* _Problem description_
Repeat exactly the lines running from the first line of the data to the line containing "Libro ¿Qué Significa", both ends included, and nothing else; drop the pictures.

─── Exercise materials

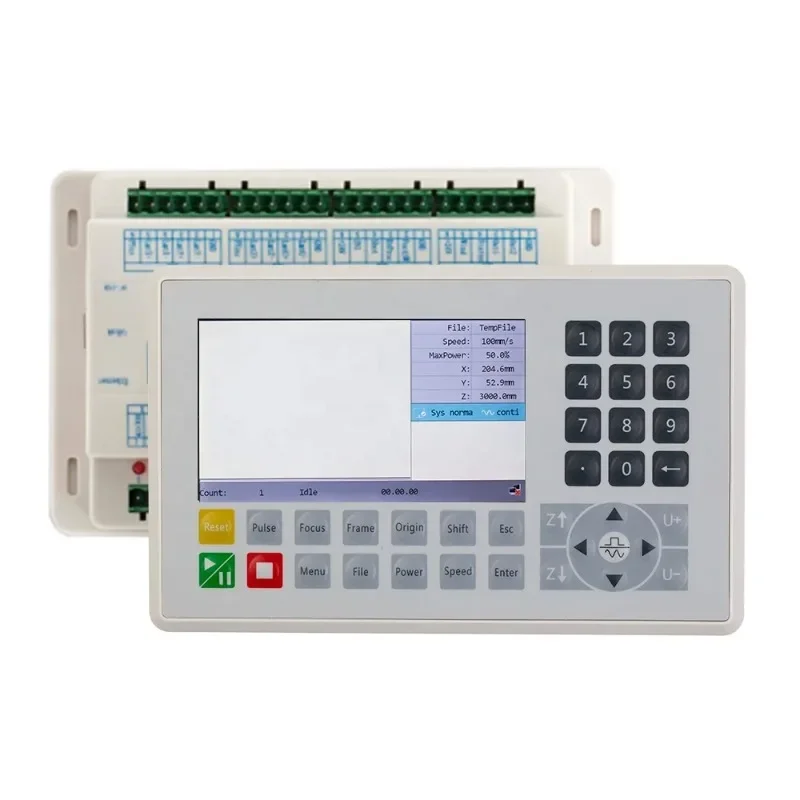 Cloudray CL239 RDC6445S Mainboard CO2 Laser Controller LRS Power Supply RD WIFI Handle
Cloudray CL239 RDC6445S Mainboard CO2 Laser Controller LRS Power Supply RD WIFI Handle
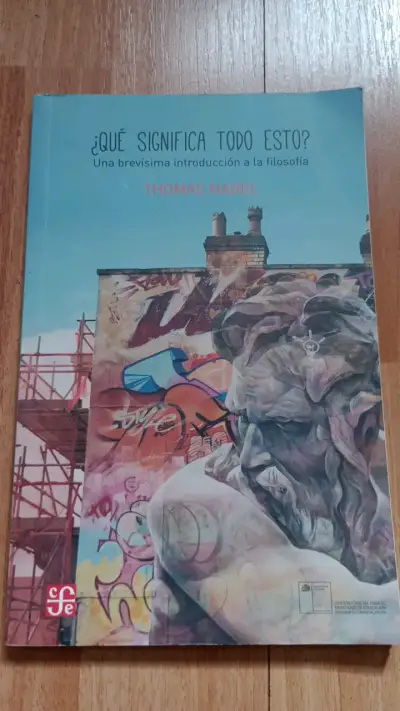 Libro ¿Qué Significa Todo Esto? de Thomas Nagel - miniatura 1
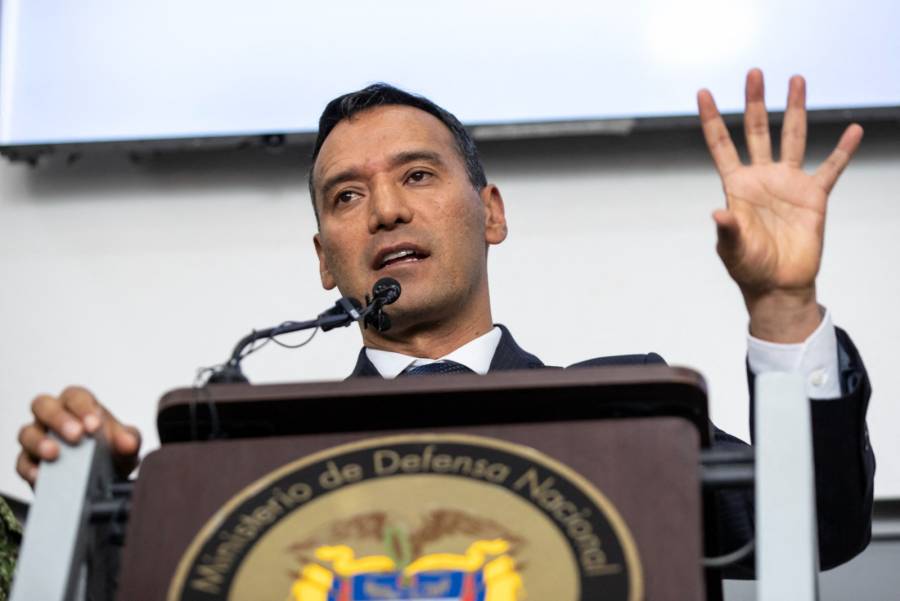 Ministro de Defensa conmemora segundo aniversario de la operaci&oacute;n Esperanza: “Con la fe intacta”
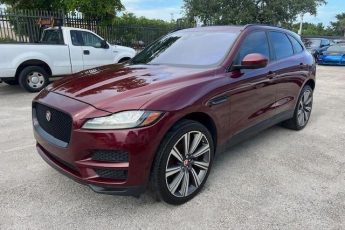 SADCK2BV2HA077734 | 2017 Jaguar f-pace prestige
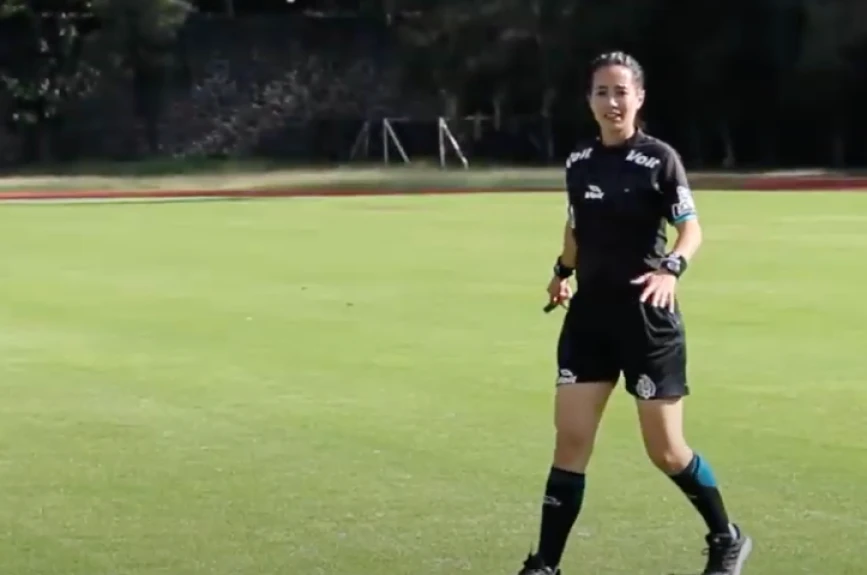Katia García árbitro Liga MX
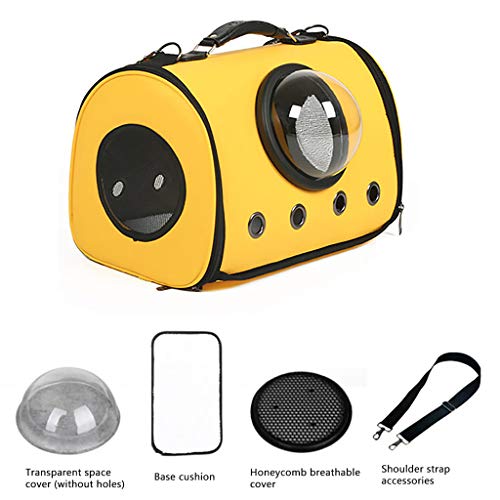 Mochila para mascotas Gatos Perros, Astronauta Mascota Gato Perro Cachorro Bolsa De Viaje, Mochila Espacial Mochila Transpirable Impermeable, Al Aire Libre Bolso Premium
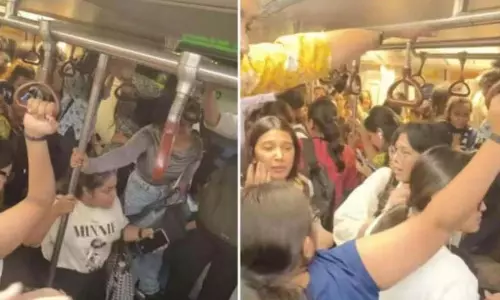 Delhi मेट्रो की महिला कोच में ‘कोबरा’ का वीडियो वायरल
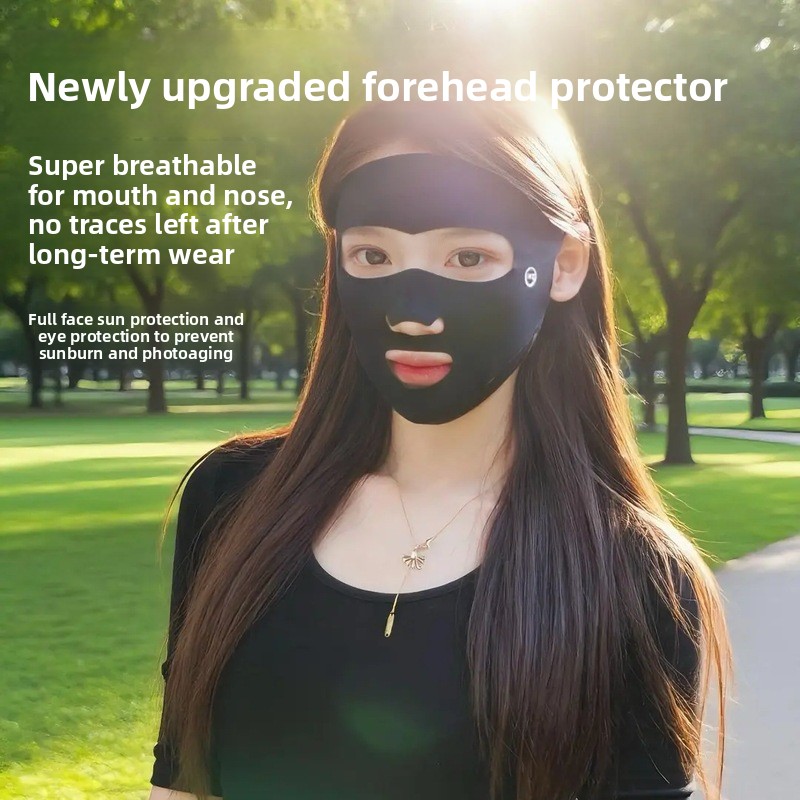 Summer Full Face Sunscreen Mas – Sports Mask Breathable Bewertung und Preis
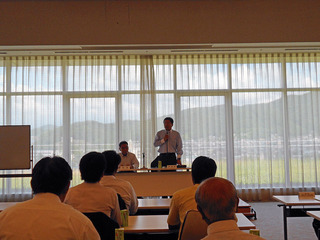 写真：県道沢入桐生線開設促進期成同盟会理事会
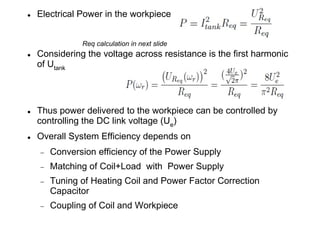 Induction Heating Theory and Applications | PDF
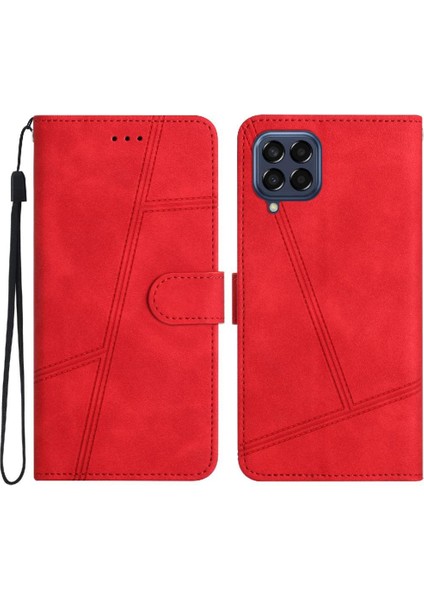 Samsung Galaxy M33 5g Için Flip Case Cüzdan Pu Deri Tam Koruma Kartı (Yurt Dışından) indirimleri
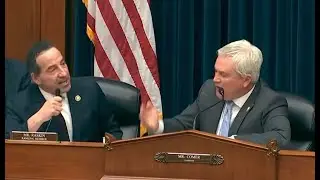 MUST-SEE: Jamie Raskin ERUPTS in feud at hearing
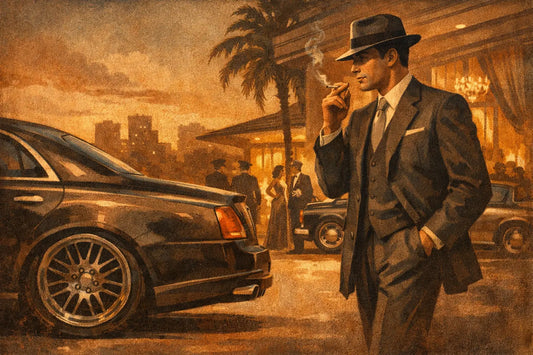 Automotive Enthusiast Style with VIP Presence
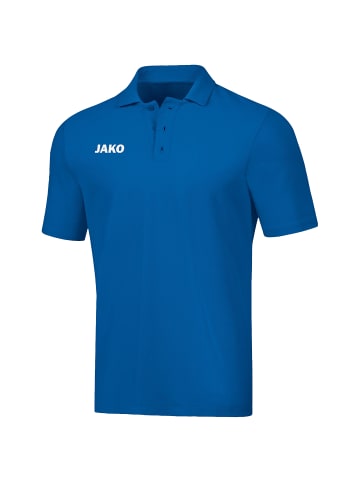 Jako Poloshirt Base in blau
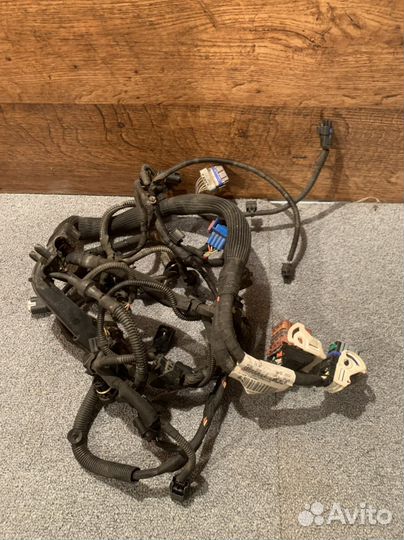 Проводка моторная (коса) peugeot 308 EP6 2012
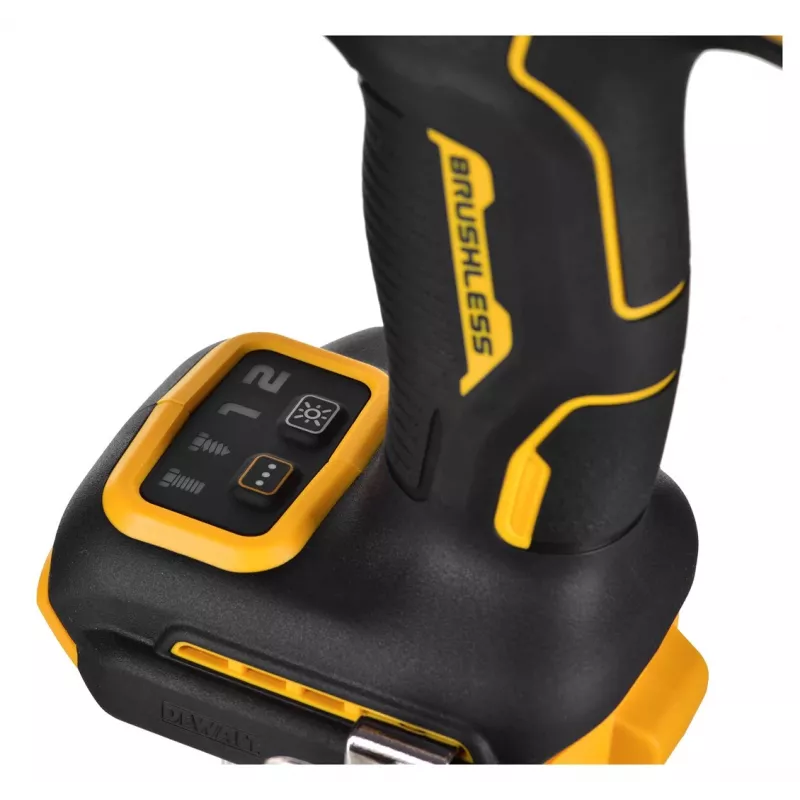 Smūginis veržliasukis DeWALT DCF923N-XJ 3/8 col. 18V didelis sukimo momentas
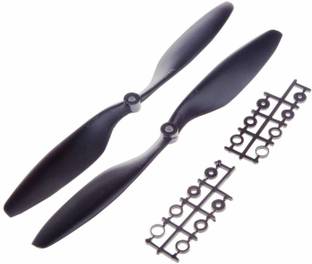 anil electronics store 0 x 4.5 Propeller for Drones Quad-Rotor Multi Rotor Helicopter | 10" x 4.5" Propeller set for all kind of RC Drones- Electronic Components Electronic Hobby Kit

──────

* _Answer section_
 Cloudray CL239 RDC6445S Mainboard CO2 Laser Controller LRS Power Supply RD WIFI Handle
Cloudray CL239 RDC6445S Mainboard CO2 Laser Controller LRS Power Supply RD WIFI Handle
 Libro ¿Qué Significa Todo Esto? de Thomas Nagel - miniatura 1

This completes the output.